> Work request:
After finding "Womens Steve Madden" in the material below, output its line and every line after it through the last, exactly, but not the pictures.

#####

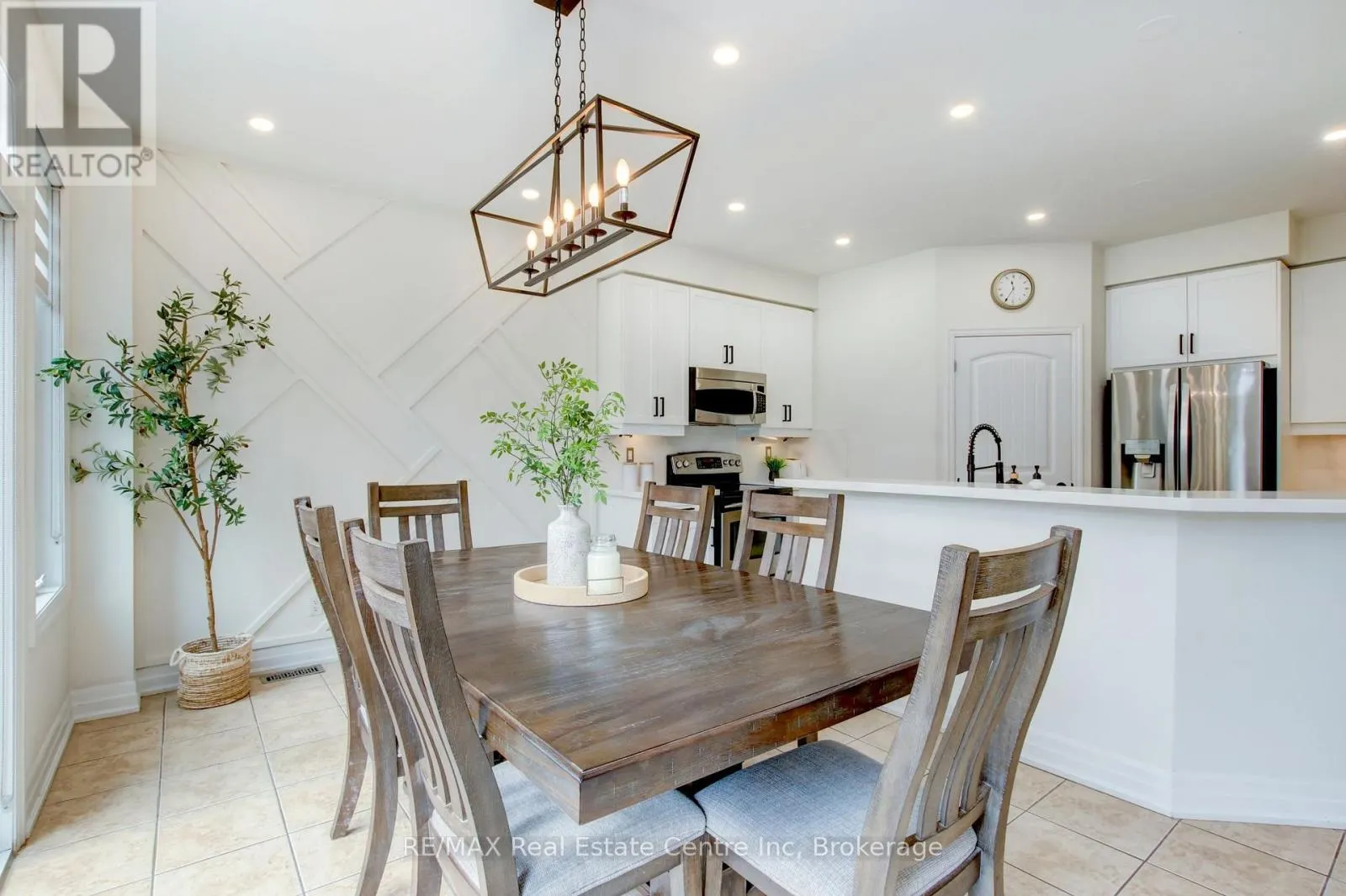 52 BARDOE CRESCENT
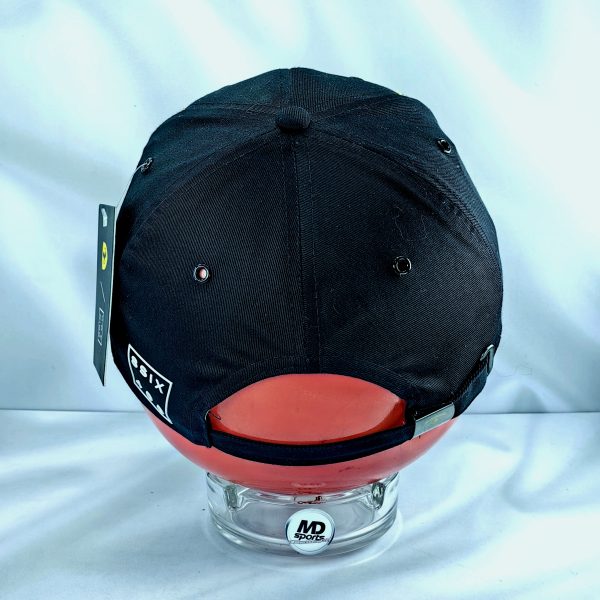 Gorro 8six Oficial Ferrari Hypercar WEC 499P Black Edition - Imagen 5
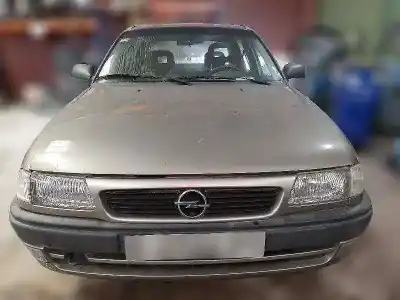 Véhicule à la ferraille OPEL ASTRA F BERLINA Básico de l'année 1995 alimenté X16XEL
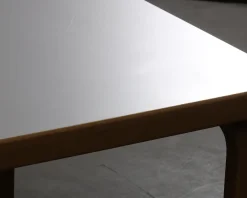 Artek 81B barnbord björk / vit laminat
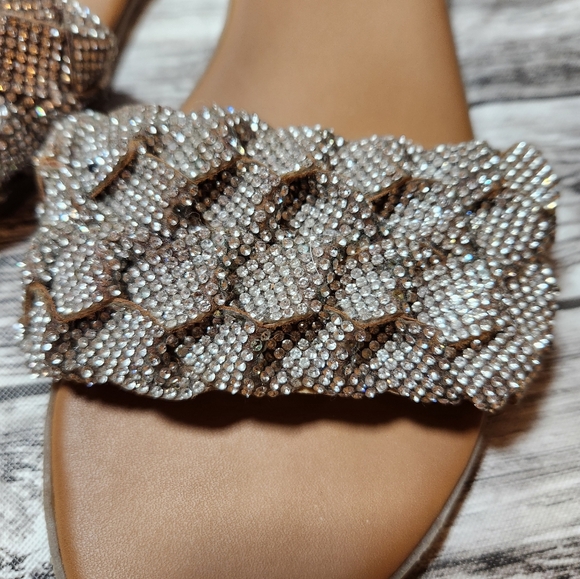 Womens Steve Madden Silver Sandals - Picture 3 of 6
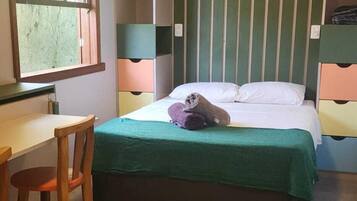 Quarto casal básico | Espaço de trabalho para notebook, Wi-Fi de cortesia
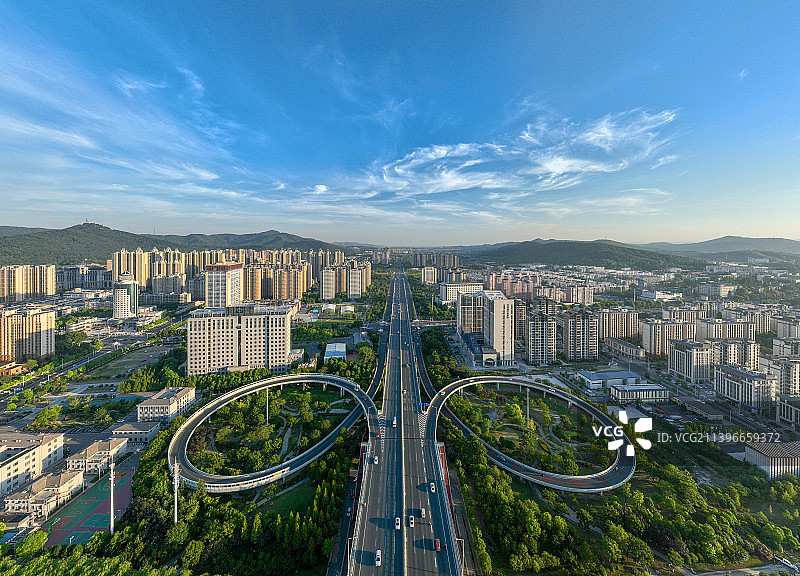 航拍襄阳绿色园林公园街景城市风光图片素材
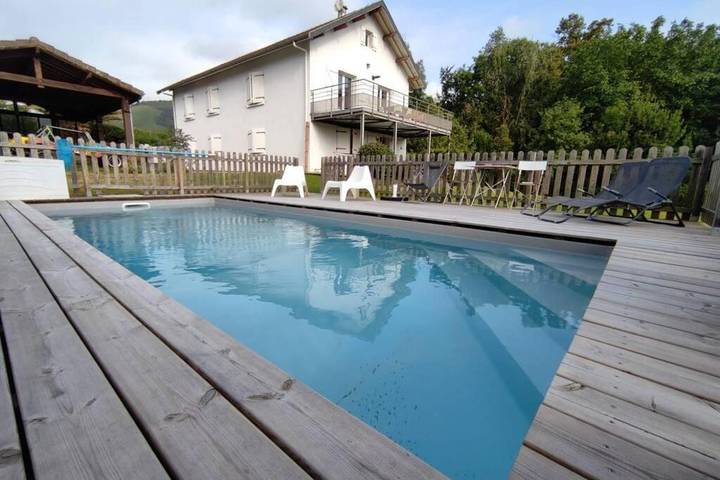 Gîte pour 4 personnes, avec Terrasse et Jardin ainsi que Piscine et Vue à Mauléon-Licharre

#####

> The completed task:
 Womens Steve Madden Silver Sandals - Picture 3 of 6
 Quarto casal básico | Espaço de trabalho para notebook, Wi-Fi de cortesia
 航拍襄阳绿色园林公园街景城市风光图片素材
 Gîte pour 4 personnes, avec Terrasse et Jardin ainsi que Piscine et Vue à Mauléon-Licharre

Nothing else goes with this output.